- [TASK MATERIAL]:
————

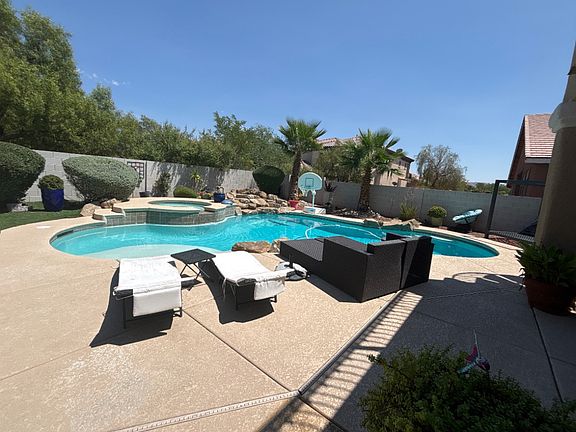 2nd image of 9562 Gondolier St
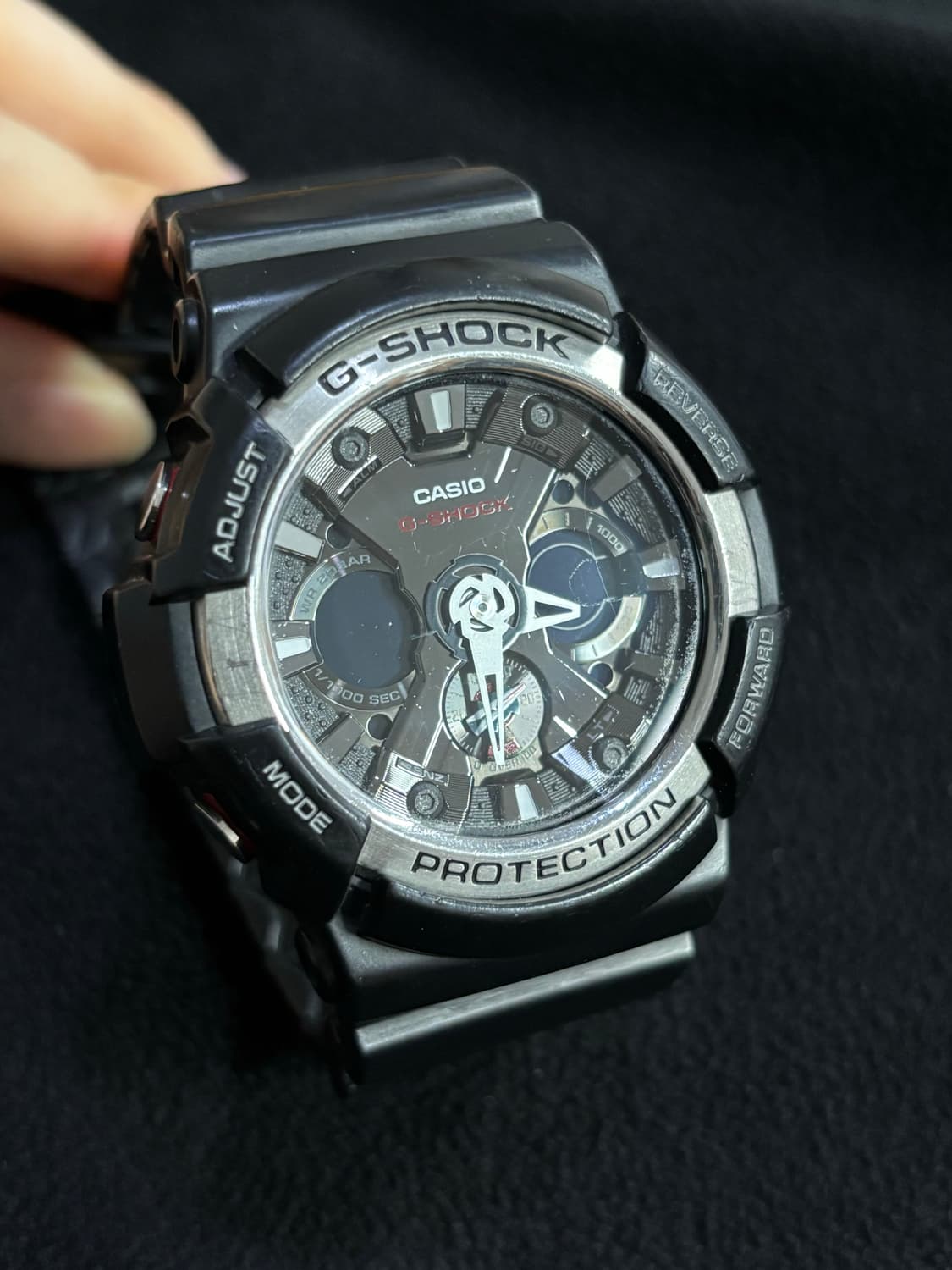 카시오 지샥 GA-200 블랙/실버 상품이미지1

————

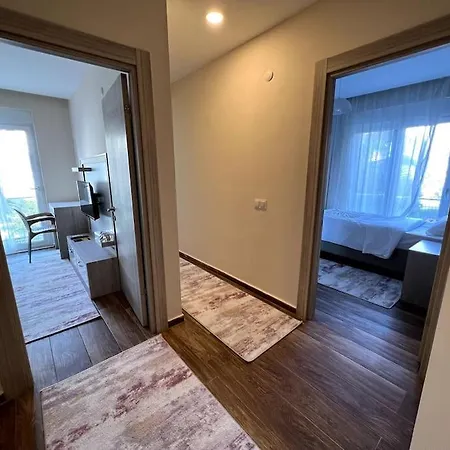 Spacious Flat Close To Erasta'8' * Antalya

————

- [WHAT TO WORK ON]: Begin at the line in the entries above that has "2nd image of 9562 Gondolier St", stop after the line that has "카시오 지샥 GA-200 블랙/실버 상품이미지1", and output exactly those lines without pictures.

- [SOLUTION TO THIS PROBLEM]:
 2nd image of 9562 Gondolier St
 카시오 지샥 GA-200 블랙/실버 상품이미지1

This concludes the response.